88% of households have access to working latrine compared to just 40% on average in rural Cambodia*

83% reduction in waterborne disease in the last 5 years

More than 7,000 Latrines built since 2010

Over 25,000 villagers now have access to a local well


TGF’s Water and Sanitation Programme focuses on providing well construction, subsidised water filters, water tanks and latrines to improve access to clean drinking water and sanitation. Sustainable access to clean water and improved sanitation facilities has been shown to be the single most cost-effective intervention to improve health and economic activity in low-income settings. We aim to provide more wells, water tanks and filters; increase latrine production and improve sanitation and hygiene practices. Communities provide volunteer labour and some of the construction materials, while TGF provides additional support and materials to help communities achieve a successful outcome.

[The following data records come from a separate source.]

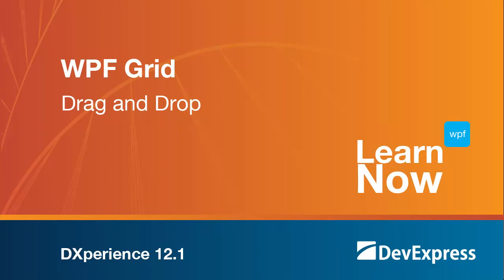Welcome to the DevExpress Learn Now series, quick tutorials to help you get started using DevExpress controls.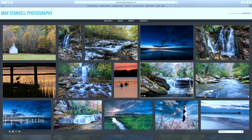Hey everybody, this is Max from MaxDancellPhotography.com and this is another blog for the Lightroom develop module. This is going to be on not general corrections but specific ones — things that we can do to little parts of the picture, not the whole picture. So this is part two of the develop module.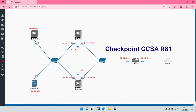Our Security Gateways are in a cluster — one is going to be active and the other one is going to be on standby. You can call your Security Gateway a firewall, or you can say a firewall is a Security Gateway; the two terms are interchangeable.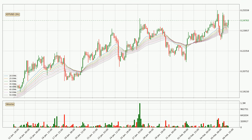Looking at the three hourly exponential moving averages, the price is above the three hourly ribbon, which can be perceived as bullish and the ribbon could play as a support. This means that you should watch if the price could bounce off the ribbon. The current price to watch is around 23.8 cents. The ribbon is relatively spread out so the support should be considered.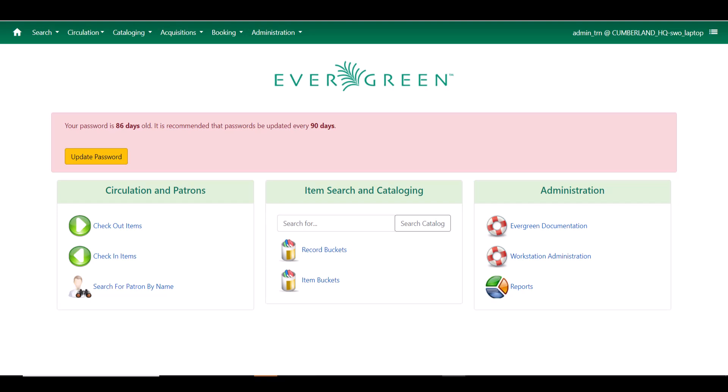In Evergreen 3.11, most of the acquisitions workflows have been upgraded to the Angular interface. This makes them more consistent with the rest of Evergreen.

“Attention to rural water supply, sanitation, and hygiene will unquestionably deliver results—less child deaths, better learning at school, less disease, more productive workers, less health costs for the people and the system,” – Rana Flowers (UNICEF), 2014. In 2010, the Ministry of Rural Development (MRD) published its ‘Rural Water Supply, Sanitation and Hygiene Strategy 2010–2025’. The first of 5 strategic objectives set out in the document was; “By 2015, 50% and by 2025, 100% of the rural population have sustainable access to improved water supply.” The results of the 2014 Cambodian Democratic Health Survey showed in 2014 only 40% of rural households had access to improved water sources. Since 2010, TGF has built more than 700 wells and provided over 2000 water filters to housholds in 59 villages; providing sustainable access to improved water sources to over 40,000 people. This is supplemented by community-based education and has combined to reduce cases of water-borne diseases reported at the local health centres by 83%.


In Cambodia, poor sanitation has led to economic losses of US$448 million per year, equivalent to 7.2% of Cambodia’s GDP in 2005. (World Bank, 2008). The Ministry of Rural Development (MRD) in 2010 concluded that $1 spent on improving sanitation created $10 of economic return through reductions in water-borne diseases and improved productivity. The 2014 CDHS found that only 40% of rural households had access to a latrine compared to 83% of those in urban areas. When TGF began implementation of our latrine project in Chi Kraeng district in 2010, only 11% of housholds had access to a latrine, with most people practicing open defecation. Since that time TGF has invested heavily in promoting a subsidised latrine project using a low cost pour flush latrine. Households contribute labour and materials while TGF provides US$55 of technical materials for the latrine and tank. In 6 years we have constructed over 7000 latrines providing improved sanitation for over 37,000 people. Latrine coverage in Chi Kraeng district is now at 88%, higher than that of most urban areas in Cambodia.


Improving water use and sanitation behaviours takes more than investments in infrastructure. A vital element of the success TGF has had in this area has been an integrated approach also tackling community behaviours and practices. This has been done by working with health workers, community members, school children and key groups such as pregnant women and new mothers. Our Water & Sanitation programme works with Community Assistants (CAs) and Village Health Support Groups (VHSGs) to ensure that as well as the necessary facilities, households also have the knowledge and understanding to realise the full benefits of their facilities. During promotion phases, CAs educate villagers of the health and econimic benefits of improved water and sanitation facilities. After implementation they run community-based education sessions on how to use and maintain faciltities and VHSGs conduct education sessions 4 times per year to reenforce this information.